Mahler Symphony No 1

Gergiev’s Mahler is loveless and loud, Nott’s fiery and enticing – no contest

Record and Artist Details

Composer or Director: Gustav Mahler

Genre:

Orchestral

Label: Tudor

Media Format: Super Audio CD

Media Runtime: 0

Mastering:

Stereo

Catalogue Number: TUDOR7147

Tracks:

Composition Artist Credit
Symphony No. 1 Gustav Mahler, Composer
Bamberg Symphony Orchestra
Gustav Mahler, Composer
Jonathan Nott, Conductor

Genre:

Orchestral

Label: LSO Live

Media Format: Super Audio CD

Media Runtime: 0

Mastering:

Stereo
DDD

Catalogue Number: LSO0663

We have a David and Goliath situation here: the superstar well and truly thrashed by the underdog – albeit one whose star is very much in the ascendancy. You have only to compare Gergiev and Nott in the Scherzo – and in particular the lazy, rustic waltz of the Trio – to hear just how much more organic is Nott’s sense of the music’s pulse and character. Everything about the Gergiev performance suggests that it’s been dressed up to sound like Mahler but with little or no sense of who Mahler really is. There is no joy, no pleasure in it.

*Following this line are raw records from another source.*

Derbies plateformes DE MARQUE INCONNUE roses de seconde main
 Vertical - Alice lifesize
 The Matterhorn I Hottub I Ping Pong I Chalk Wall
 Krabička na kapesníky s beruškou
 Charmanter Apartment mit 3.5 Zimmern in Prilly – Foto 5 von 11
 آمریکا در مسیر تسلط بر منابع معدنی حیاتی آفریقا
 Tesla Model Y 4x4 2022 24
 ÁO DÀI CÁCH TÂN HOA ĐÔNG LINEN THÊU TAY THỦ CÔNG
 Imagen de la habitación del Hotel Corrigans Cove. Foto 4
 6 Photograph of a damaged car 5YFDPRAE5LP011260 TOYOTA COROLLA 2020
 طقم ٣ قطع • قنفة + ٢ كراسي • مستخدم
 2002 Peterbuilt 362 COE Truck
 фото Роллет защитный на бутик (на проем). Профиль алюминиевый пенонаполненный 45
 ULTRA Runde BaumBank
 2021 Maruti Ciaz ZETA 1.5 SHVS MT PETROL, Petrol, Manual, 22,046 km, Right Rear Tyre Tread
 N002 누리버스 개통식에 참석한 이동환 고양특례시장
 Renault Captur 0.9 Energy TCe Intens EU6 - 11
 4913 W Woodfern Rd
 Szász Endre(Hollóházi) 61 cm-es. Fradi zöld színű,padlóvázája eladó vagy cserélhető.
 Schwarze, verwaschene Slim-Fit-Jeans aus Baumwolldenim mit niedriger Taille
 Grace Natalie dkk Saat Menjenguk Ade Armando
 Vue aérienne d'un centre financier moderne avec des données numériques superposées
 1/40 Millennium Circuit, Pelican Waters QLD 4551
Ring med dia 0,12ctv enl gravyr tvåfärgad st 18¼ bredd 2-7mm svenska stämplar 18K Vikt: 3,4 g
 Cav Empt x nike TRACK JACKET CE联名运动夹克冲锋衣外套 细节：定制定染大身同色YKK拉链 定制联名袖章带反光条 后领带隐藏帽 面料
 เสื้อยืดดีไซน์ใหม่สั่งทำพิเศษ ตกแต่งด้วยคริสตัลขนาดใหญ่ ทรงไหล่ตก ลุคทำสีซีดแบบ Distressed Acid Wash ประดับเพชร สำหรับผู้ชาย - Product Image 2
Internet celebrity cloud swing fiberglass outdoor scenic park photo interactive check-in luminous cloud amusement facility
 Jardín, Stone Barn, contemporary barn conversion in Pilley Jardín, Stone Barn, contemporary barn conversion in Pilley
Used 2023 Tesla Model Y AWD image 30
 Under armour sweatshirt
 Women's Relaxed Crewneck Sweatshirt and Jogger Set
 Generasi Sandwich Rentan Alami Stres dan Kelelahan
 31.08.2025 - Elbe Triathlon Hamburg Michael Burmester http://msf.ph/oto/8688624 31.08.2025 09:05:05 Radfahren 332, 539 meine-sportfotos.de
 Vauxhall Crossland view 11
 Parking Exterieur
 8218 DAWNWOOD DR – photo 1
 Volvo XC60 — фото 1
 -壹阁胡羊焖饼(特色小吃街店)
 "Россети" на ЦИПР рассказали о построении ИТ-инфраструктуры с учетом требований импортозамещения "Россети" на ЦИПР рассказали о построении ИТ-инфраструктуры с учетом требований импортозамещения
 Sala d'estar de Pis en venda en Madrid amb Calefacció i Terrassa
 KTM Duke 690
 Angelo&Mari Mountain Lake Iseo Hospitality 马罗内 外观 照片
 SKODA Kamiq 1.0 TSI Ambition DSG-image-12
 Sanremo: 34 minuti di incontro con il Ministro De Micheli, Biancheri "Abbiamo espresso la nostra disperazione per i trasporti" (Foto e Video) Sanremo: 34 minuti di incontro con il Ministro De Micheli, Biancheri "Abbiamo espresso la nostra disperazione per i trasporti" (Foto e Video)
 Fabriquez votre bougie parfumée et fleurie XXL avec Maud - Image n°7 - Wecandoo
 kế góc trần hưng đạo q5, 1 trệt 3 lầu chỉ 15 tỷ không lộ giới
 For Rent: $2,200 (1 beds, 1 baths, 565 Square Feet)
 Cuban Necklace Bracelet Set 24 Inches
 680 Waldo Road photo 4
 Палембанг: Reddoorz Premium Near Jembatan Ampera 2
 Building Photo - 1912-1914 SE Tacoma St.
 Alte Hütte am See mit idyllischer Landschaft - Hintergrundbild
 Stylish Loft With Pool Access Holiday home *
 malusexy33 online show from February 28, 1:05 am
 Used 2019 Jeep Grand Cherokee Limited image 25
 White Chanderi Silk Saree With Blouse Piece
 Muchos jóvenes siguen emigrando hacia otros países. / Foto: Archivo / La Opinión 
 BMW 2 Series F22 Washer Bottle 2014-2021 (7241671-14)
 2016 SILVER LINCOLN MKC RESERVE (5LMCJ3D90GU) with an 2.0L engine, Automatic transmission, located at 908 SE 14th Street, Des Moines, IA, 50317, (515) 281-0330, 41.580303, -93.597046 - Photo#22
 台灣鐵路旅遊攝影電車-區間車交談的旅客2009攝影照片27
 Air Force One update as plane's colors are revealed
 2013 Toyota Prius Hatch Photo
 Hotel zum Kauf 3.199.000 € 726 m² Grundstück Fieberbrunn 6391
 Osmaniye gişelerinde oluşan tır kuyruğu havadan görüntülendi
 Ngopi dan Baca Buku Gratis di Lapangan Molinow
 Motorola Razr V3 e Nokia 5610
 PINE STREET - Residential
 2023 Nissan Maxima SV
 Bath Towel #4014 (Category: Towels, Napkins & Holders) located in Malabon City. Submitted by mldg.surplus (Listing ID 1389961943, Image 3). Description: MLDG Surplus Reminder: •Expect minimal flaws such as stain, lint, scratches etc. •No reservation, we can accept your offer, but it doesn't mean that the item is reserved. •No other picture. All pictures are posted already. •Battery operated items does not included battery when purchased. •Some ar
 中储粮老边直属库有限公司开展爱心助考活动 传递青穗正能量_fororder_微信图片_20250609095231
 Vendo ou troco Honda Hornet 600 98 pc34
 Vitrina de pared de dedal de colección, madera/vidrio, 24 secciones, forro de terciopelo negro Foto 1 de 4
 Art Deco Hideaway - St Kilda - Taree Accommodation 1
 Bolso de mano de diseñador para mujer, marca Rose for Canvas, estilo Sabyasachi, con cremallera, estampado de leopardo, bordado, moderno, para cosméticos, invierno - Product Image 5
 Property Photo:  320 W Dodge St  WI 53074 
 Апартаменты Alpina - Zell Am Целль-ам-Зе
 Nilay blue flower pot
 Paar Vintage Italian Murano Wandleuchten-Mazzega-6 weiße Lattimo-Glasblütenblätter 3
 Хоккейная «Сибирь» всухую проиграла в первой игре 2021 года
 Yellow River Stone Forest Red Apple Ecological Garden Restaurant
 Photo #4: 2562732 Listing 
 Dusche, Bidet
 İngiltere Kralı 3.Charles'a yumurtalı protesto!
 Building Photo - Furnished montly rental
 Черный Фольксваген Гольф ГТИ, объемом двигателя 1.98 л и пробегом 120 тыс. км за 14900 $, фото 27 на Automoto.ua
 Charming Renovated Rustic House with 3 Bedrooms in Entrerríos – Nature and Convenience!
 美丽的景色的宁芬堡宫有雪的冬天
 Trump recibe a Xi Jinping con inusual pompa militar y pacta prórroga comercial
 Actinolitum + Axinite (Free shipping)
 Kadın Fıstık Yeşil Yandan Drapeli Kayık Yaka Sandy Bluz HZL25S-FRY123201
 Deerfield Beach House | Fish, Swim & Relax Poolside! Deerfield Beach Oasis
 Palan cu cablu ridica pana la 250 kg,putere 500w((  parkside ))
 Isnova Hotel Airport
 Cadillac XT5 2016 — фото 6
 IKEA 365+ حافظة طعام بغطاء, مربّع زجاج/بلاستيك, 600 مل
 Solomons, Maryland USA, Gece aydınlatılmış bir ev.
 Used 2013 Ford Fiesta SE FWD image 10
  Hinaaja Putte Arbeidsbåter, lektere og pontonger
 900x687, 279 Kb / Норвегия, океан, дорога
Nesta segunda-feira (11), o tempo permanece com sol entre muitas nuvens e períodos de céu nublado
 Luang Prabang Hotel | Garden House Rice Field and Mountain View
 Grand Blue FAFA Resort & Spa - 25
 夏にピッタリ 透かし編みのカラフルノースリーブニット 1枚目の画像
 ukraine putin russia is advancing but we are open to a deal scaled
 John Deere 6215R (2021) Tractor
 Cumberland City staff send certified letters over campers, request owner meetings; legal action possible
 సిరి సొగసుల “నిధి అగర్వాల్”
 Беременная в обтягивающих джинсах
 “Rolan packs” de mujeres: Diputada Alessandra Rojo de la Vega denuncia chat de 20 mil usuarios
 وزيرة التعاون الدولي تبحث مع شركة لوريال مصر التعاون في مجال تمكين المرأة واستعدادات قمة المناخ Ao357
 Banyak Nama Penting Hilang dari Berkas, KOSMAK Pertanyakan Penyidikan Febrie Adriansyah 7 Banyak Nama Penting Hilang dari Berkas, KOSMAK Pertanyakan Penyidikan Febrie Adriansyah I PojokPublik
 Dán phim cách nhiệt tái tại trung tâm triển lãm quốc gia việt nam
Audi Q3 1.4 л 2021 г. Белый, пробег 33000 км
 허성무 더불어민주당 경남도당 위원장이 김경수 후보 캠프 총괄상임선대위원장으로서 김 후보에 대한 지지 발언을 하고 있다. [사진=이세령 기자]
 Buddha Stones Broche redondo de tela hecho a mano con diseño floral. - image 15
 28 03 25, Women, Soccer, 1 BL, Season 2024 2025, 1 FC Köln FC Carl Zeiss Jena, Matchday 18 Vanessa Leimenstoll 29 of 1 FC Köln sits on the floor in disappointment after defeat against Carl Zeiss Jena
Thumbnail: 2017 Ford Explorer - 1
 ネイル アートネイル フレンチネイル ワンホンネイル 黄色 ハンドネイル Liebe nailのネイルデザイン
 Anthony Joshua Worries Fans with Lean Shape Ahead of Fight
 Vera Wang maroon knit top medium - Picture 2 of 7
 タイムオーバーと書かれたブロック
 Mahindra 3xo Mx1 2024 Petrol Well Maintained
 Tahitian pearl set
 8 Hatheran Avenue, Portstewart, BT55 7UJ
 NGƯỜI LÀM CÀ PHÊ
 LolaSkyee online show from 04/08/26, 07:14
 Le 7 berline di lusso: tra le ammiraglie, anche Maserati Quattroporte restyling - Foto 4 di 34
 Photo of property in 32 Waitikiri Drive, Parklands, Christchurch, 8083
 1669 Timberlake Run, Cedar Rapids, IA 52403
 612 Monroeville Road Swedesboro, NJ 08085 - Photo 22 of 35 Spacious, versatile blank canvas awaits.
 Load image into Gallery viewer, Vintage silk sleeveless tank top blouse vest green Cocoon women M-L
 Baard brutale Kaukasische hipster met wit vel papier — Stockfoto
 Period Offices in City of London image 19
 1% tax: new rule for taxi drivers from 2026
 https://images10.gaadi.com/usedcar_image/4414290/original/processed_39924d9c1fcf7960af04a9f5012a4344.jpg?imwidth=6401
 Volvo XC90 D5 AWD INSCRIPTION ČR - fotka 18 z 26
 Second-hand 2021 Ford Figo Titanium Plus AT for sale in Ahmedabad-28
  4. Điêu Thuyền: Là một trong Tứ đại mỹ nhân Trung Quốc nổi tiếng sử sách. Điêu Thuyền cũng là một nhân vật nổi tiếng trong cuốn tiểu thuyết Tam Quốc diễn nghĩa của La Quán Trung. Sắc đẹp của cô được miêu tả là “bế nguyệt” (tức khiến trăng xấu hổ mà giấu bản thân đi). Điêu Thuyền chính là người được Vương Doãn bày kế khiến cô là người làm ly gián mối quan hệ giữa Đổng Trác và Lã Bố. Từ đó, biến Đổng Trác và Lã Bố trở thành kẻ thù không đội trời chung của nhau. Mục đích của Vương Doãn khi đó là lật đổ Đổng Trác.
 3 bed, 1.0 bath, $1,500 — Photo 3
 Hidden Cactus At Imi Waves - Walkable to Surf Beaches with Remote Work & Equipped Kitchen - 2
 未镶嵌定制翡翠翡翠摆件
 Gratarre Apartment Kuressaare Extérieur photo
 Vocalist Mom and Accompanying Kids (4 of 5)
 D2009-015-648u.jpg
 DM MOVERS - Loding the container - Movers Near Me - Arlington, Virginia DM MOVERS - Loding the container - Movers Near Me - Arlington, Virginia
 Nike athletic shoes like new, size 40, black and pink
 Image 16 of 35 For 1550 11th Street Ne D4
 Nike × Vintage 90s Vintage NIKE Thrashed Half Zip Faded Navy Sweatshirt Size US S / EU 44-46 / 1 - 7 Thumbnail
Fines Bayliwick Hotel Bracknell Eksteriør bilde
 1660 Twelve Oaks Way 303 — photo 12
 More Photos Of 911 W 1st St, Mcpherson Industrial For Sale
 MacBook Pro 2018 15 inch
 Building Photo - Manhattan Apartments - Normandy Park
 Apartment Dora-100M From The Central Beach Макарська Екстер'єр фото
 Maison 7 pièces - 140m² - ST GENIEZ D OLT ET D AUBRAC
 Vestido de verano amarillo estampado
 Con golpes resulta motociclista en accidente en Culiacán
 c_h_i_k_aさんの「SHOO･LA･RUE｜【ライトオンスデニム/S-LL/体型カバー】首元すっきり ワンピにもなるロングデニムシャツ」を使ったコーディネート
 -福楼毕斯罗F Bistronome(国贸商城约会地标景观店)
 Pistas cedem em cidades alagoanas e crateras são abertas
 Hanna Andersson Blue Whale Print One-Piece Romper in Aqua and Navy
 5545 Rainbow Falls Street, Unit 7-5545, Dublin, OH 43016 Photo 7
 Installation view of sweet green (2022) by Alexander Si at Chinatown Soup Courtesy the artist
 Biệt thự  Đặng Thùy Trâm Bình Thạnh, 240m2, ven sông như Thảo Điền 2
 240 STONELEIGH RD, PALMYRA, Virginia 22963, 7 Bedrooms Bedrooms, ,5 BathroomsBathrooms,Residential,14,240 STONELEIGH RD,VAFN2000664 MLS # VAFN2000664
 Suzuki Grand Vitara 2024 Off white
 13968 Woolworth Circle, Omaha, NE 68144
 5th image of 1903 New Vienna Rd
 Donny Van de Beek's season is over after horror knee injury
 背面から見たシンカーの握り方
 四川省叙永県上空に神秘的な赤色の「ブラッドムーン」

From Gergiev’s oddly prosaic account of the pre-dawn stirrings (no mystery, no magic) to the empty bluster of his finale, this is a cold, loveless, loud performance. The LSO flex their collective muscle all right but rarely warm to the music’s enticements. Nott’s Bamberg Symphony are altogether more engaging and stylistically convincing. Where Gergiev’s Wayfarer is urbane and driven, Nott and his players immediately convey that glad-to-be-alive feeling, tempo and phrasing and that woozy counterpoint from the bass clarinet all suggesting an easy spontaneity.

Nott’s Scherzo, as I’ve already implied, is one of the best on disc. The tempo is perfect and there’s a woody, rosiny quality to the sound. Gergiev, adopting a slower gait, sounds merely ponderous, the Trio flat and charmless with rubato and portamento dutifully applied but not remotely enticing. Nott and his Bambergers draw you in: from the moment that solo horn sinks into repose you are properly transported.

Now we come to the vexed question of why Gergiev elects to deploy the entire LSO bass section for the “Bruder Martin” (or “Frère Jacques”) solo in the third movement. I am told that new thinking on this has resulted in a dubious change to the critical edition (can that really be the case?) but I cannot imagine why. How else but with a solo instrument can you achieve that wasted, cadaverous sound that Mahler so spookily imagined? As it is, Mahler failed to anticipate how well (too well) this rather pained solo would come to be played. Nott’s Bamberg bassist is indeed rather too beautiful (and perfectly tuned) but at least he’s solo. And the klezmer band serenading at the heart of this movement is deliciously cheesy, intensifying the contrast with the reflective passage in muted strings where Nott properly conveys that inimitable Mahlerian gemütlich.

So, no contest. Nott’s finale has fire and purpose, the second theme shaped with honesty and heart. Again it may not achieve perfect unanimity at the climax but, unlike Gergiev, it means something beyond an all-purpose emotional hectoring. The wistfulness of Nott’s return to the symphony’s opening material – a remembrance of things past – shows his sensitivity and reminds us how touching this piece can be. All right, so we could have done with a little more heft from the Bamberg horns and trumpets at the close but this is still one of the best recorded accounts we’ve had since Kubelík and Bernstein (his momentous Concertgebouw account), neither of which I could be without. Nott, you feel, has got under Mahler’s skin; Gergiev is merely offering an impersonation – and a not very good one at that.